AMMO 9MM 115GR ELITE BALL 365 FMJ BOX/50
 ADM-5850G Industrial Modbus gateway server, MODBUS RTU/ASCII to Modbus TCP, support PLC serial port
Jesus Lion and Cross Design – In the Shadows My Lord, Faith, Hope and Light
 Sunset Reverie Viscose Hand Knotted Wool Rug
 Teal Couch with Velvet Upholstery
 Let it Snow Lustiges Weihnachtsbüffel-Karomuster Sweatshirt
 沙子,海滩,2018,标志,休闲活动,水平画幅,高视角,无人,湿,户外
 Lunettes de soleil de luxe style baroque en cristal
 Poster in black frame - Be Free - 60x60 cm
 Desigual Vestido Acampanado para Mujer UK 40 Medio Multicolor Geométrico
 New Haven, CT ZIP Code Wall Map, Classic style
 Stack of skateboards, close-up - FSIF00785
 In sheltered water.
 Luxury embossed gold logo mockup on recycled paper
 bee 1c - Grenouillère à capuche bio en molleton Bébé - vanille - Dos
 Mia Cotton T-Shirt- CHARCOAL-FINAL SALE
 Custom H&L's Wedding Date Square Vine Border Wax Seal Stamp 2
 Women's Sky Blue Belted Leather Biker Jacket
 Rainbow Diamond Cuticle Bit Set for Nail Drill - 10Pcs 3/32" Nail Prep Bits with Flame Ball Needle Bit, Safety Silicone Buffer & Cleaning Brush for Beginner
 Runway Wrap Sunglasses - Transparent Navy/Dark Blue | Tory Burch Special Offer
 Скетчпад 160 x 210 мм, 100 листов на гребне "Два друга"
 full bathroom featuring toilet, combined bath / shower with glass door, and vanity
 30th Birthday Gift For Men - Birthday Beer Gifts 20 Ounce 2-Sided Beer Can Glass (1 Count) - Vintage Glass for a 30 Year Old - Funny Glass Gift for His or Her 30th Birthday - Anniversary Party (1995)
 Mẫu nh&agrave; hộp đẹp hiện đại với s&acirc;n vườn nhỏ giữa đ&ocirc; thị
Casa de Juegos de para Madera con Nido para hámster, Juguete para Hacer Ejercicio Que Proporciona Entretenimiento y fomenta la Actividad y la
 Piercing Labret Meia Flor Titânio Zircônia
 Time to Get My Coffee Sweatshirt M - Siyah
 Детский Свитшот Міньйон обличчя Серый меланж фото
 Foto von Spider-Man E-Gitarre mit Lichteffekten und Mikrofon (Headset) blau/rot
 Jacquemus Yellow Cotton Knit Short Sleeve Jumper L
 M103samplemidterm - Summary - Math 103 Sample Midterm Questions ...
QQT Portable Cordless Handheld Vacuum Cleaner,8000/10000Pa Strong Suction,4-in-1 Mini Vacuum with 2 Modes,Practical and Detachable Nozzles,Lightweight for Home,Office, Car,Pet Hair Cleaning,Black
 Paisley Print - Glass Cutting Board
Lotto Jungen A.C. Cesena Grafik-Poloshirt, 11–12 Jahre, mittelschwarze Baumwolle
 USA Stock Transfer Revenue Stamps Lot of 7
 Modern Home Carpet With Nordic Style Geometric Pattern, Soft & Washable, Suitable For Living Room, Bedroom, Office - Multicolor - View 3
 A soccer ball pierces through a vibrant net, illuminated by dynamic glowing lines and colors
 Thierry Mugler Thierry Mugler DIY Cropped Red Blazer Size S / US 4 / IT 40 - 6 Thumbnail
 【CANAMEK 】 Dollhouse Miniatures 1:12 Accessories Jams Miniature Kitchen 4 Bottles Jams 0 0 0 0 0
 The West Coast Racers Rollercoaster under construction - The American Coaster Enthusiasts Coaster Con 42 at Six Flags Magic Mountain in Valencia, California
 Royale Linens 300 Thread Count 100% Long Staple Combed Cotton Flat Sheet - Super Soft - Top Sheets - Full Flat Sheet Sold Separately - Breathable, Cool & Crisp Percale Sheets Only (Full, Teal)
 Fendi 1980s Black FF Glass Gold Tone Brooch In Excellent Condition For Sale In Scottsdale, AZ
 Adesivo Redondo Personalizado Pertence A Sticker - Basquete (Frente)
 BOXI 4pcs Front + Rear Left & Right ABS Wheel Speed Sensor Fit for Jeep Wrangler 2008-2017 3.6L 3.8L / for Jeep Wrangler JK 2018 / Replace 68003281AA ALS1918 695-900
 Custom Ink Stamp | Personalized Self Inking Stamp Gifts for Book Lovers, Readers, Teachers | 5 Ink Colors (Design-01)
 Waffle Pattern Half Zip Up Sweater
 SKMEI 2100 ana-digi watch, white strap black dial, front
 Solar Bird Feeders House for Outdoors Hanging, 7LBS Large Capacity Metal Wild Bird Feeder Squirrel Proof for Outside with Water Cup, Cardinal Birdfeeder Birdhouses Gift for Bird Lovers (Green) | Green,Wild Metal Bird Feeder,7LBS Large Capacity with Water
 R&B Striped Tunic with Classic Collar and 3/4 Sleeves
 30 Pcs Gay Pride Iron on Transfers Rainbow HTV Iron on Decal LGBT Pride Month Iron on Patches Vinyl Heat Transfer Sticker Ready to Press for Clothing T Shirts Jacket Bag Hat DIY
****************
Task instructions
Above are the entries; copy out every line among them that contains the word "Home".

Result for this exercise
QQT Portable Cordless Handheld Vacuum Cleaner,8000/10000Pa Strong Suction,4-in-1 Mini Vacuum with 2 Modes,Practical and Detachable Nozzles,Lightweight for Home,Office, Car,Pet Hair Cleaning,Black
 Modern Home Carpet With Nordic Style Geometric Pattern, Soft & Washable, Suitable For Living Room, Bedroom, Office - Multicolor - View 3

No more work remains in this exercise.